2. Three read patterns: Your consumers need real-time streaming (watching interactions live), SQL analytical queries (experimentation over historical traces), and full-text search (finding every trace that mentions a specific entity). No single traditional backend handles all three.
3. Write-ahead log ingestion: Domain experts and engineers need to see traces as they happen, not after a batch processing delay.
Design your trace database around these three read patterns from day one. Bolting on full-text search later is architecturally painful.
How Do I Unify Observability and Evals Instead of Building Two Systems?
The Hetzel framework's Observability and Evals Are the Same Problem principle should change how you architect your platform. The scoring functions, trace storage, quality criteria, and analysis workflows are identical for both. The only difference: evals use known inputs run in batch, while observability processes unknown inputs in real time.
Build one unified trace and scoring infrastructure. When a problem surfaces in production observability, your workflow should make it trivial to: (a) add those traces to an offline dataset, (b) run evals against them in batch with different agent configurations, and (c) push validated fixes back to production. This is the iteration loop — and compressing it from weeks to hours is the highest-leverage thing you can do as a platform engineer.
How Do I Support Non-Technical Domain Experts on the Platform?
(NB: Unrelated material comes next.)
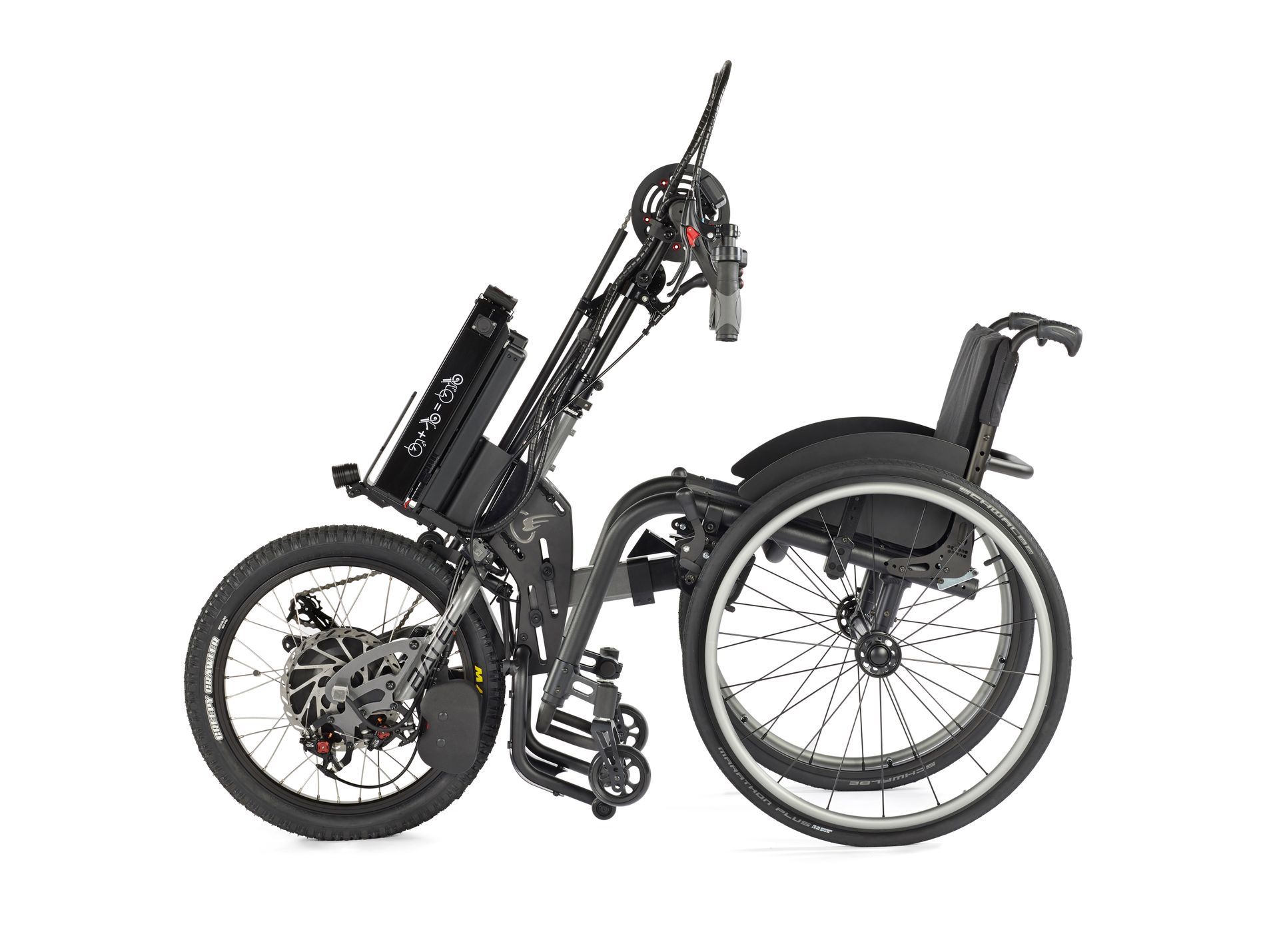 Three-wheeled adaptive tricycle with a black frame and large rear wheel, isolated on white background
The Dual Persona Requirement means your platform must serve clinicians, lawyers, wealth advisors, or whoever the domain experts are — not just your engineering team. Build separate interfaces: engineers get dashboards with latency percentiles and error breakdowns; domain experts get conversation trace browsers with natural language search and annotation tools.
The annotation workflow is infrastructure, not a nice-to-have. Domain experts need to assign quality grades and write justifications for each grade. Those justifications are the raw material for building automated scoring functions that scale. Design your data model to store justifications as structured, queryable data from the start.
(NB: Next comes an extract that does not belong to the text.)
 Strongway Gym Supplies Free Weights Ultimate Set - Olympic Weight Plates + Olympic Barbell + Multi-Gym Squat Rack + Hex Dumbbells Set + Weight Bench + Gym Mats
Next step: Audit your current agent system against the Hetzel framework's 9-step workflow. Start with Step 1 (classify determinism profile) and Step 3 (assess trace data characteristics) — these two steps alone will reveal whether your current infrastructure is adequate or needs purpose-built augmentation.
// FREQUENTLY ASKED QUESTIONS
What database should I use for agent traces?
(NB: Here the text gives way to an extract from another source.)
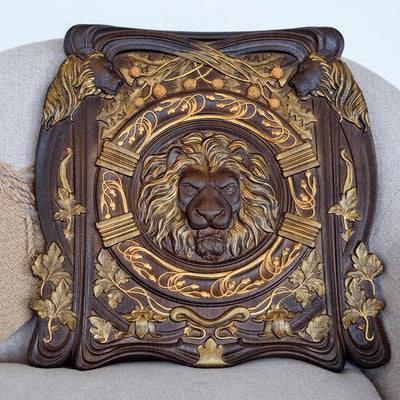 Lion Head Squared Wooden Carved Plaque - Kozak Work Shop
You need a database that supports three read patterns simultaneously: real-time streaming via write-ahead log, SQL/analytical queries for historical analysis, and full-text search via a Tantivy-style index. Standard OLAP databases like ClickHouse handle analytical queries but lack full-text indexing and streaming. Purpose-built agent trace databases or augmented architectures combining multiple engines are typically required.
Should I build agent observability infrastructure in-house or use a vendor?
Evaluate against the Hetzel framework's requirements: semi-structured trace ingestion at scale, three read patterns, human annotation workflows, automated scoring, and clustering for unknown unknowns. If a vendor covers all of these, use them. If you build in-house, the framework's 9-step workflow ensures you don't miss critical requirements like full-text search or the domain expert interface.
How do I handle the cost of storing massive agent traces?
Implement tiered storage: keep recent traces (days to weeks) in hot storage with full read pattern support, then archive older traces to cold storage with analytical query access only. Prioritize retaining traces flagged by automated scores or human annotators. The iteration loop requires fast access to problematic traces; routine traces can be sampled and archived.